- **What you need to do**:
Your answer must be an exact repeat of the lines from the one containing "A modern hotel" through the last line of the records, both included, with no pictures.

[Crawled caption data]
════════

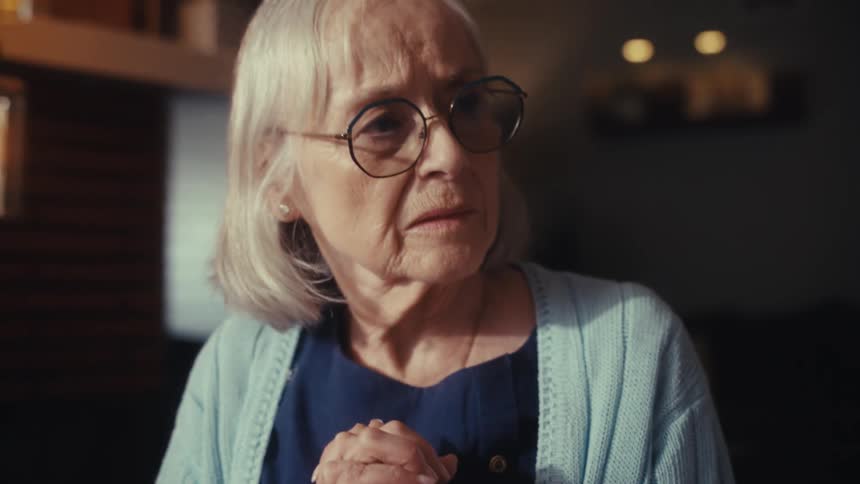 A senior woman listens with a worried and concerned expression while sitting at a table with her husband during a serious conversation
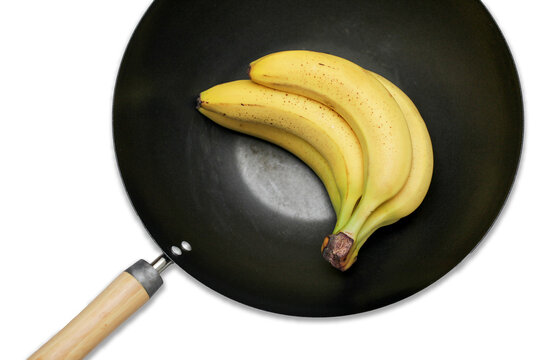 Bananas on frying pan. Bunch of bananas. Conceptual background of frying bananas. Unpeeled bananas. Yellow fruit with brown spots. Over ripe brown banana in deep WOK isolated on white cutout.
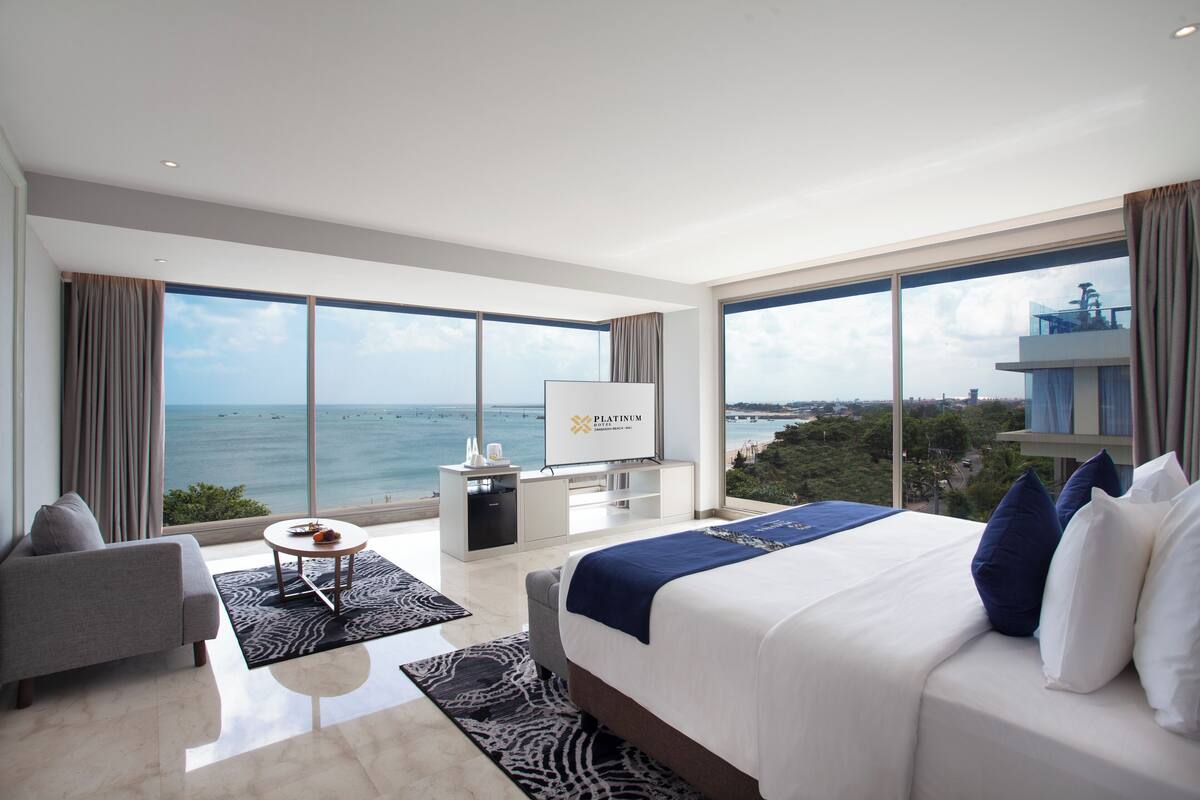 A modern hotel room with a large bed, a seating area, a television, and a view of the ocean.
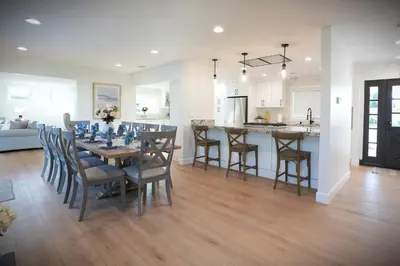 a dining room and kitchen with a table and chairs at Awesome 5 bedroom 3 bath pool home with in-ground jacuzzi in Orange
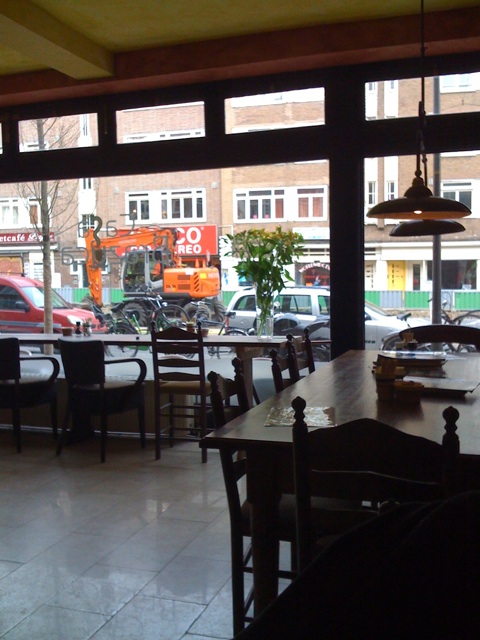 a picture of a restaurant looking out onto the street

════════

- **Expected answer**:
 A modern hotel room with a large bed, a seating area, a television, and a view of the ocean.
 a dining room and kitchen with a table and chairs at Awesome 5 bedroom 3 bath pool home with in-ground jacuzzi in Orange
 a picture of a restaurant looking out onto the street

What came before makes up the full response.